Emekçinin hikayesini edebiyata bırakan yazar İrfan Yalçın

İrfan Yalçın'ın ‘Ölümün Ağzı’ kitabını maden emekçilerinin on yıllar boyunca hiç değişmeyen kaderlerine ilişkin belgesel bir anlatı olarak da okumak gerektiğini düşünüyorum.

Görsel: Ölümün Ağzı kitabının kapağı

Paylaş

“Mükellefin urganı, terli olur yorganı;

mükelleften kurtulan çifte kessin kurbanı”

(Anonim  türkü)

(Sonsuzluğa giden İrfan Yalçın’ın edebiyatımıza verdiği büyük emek için saygıyla...)

Tahir ŞİLKAN
TYS Genel Sekreteri

İkinci Dünya Savaşı yıllarında Zonguldak kömür ocakları çevresinde yaşayan erkek köylüler, “mükellefiyet” adı altında zorla çalıştırılmaya tabi tutulmuştur.

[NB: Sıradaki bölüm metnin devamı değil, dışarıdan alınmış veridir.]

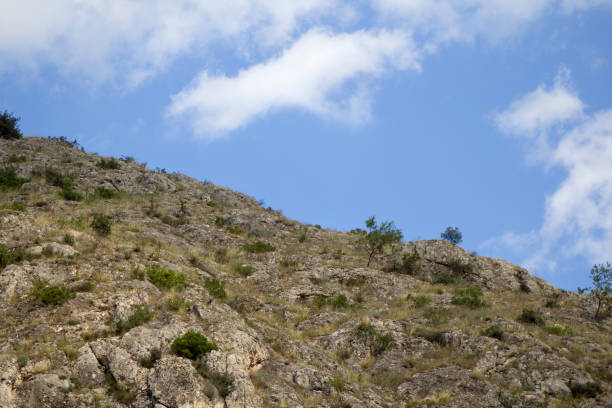 istock Sloping rocky hill in front of cloudy blue sky 1439607787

İş mükellefiyeti; 1936 yılında çıkan İş Kanunu’nun işçileri koruyan hükümleri askıya alınarak, 27 Şubat 1940-1 Eylül 1947 arasında uygulanan ülke tarihinin en acı sayfalarından biridir. Yasayla, Ereğli- Zonguldak bölgesindeki yöre köylülerine yılın yarısını maden ocaklarında çalışma zorunluluğu getirilmiştir.

Tarlada, çitte, çubukta çalışan yöre köylüleri, hiçbir deneyimleri olmadan maden ocaklarında, eşinden-çocuğundan ayrı; ilkel, zor, güvensiz koşullarda günde 16 saat çalıştırılmış, barakalarda pislik içinde barındırılmış, aldıkları çok az ücretlerin büyük kısmı da onları çalıştıranların kantininde satılan bozuk gıdalara sayılmış ve ailelerinin yanına beş parasız ve hasta ciğerlerle dönmüşlerdir.

Gerekli eğitim verilmeden ocaklara sokulan köylüler, meslek hastalığı, iş kazaları ve genel sağlık sorunlarıyla baş başa kalmışlardır. İş mükellefiyetinin uygulandığı 1940-1947 arasında yalnızca iş kazalarında ölenlerin sayısı yedi yüzü geçmiştir.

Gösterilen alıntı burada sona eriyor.